> **TASK**:
Among the entries that follow, find every line with the word "venda" and list it.

> **DATA SUPPLIED**:
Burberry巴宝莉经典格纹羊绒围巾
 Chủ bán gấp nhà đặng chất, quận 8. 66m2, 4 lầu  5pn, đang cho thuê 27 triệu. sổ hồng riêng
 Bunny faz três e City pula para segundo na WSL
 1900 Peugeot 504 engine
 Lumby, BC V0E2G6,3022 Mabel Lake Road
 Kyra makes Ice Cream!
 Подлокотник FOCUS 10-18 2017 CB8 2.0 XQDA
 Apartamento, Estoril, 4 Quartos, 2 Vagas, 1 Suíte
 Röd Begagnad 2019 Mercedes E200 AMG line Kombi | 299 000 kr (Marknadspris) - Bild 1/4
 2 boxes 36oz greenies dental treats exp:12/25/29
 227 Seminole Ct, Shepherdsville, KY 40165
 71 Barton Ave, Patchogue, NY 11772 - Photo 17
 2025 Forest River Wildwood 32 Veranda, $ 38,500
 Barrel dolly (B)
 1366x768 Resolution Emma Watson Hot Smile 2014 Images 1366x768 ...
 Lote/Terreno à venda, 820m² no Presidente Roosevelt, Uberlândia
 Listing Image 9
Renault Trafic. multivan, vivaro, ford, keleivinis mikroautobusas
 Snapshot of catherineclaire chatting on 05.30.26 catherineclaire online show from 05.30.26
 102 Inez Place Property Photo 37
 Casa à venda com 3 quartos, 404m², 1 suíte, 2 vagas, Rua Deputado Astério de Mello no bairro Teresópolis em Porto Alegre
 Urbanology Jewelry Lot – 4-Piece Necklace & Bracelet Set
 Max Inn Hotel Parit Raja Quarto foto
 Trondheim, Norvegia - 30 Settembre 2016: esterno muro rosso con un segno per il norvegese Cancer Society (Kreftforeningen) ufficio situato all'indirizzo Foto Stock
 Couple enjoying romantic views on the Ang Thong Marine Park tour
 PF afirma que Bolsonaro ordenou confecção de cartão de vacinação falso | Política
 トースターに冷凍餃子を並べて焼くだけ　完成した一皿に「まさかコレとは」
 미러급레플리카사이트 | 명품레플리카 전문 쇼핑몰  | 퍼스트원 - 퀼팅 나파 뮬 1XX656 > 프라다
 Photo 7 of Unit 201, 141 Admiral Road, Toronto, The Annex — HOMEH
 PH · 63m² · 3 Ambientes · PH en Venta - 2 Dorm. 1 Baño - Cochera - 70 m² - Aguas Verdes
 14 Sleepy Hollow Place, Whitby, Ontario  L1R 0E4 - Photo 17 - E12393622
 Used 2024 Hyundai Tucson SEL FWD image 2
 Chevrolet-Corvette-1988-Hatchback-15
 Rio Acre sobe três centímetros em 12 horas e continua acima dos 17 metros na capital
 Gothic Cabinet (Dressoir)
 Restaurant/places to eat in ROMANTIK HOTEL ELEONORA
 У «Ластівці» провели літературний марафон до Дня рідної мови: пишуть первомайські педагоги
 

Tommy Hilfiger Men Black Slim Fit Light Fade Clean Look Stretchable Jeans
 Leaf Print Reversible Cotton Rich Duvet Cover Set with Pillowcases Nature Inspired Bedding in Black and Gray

> **RESULT FOR THIS EXERCISE**:
 Lote/Terreno à venda, 820m² no Presidente Roosevelt, Uberlândia
 Casa à venda com 3 quartos, 404m², 1 suíte, 2 vagas, Rua Deputado Astério de Mello no bairro Teresópolis em Porto Alegre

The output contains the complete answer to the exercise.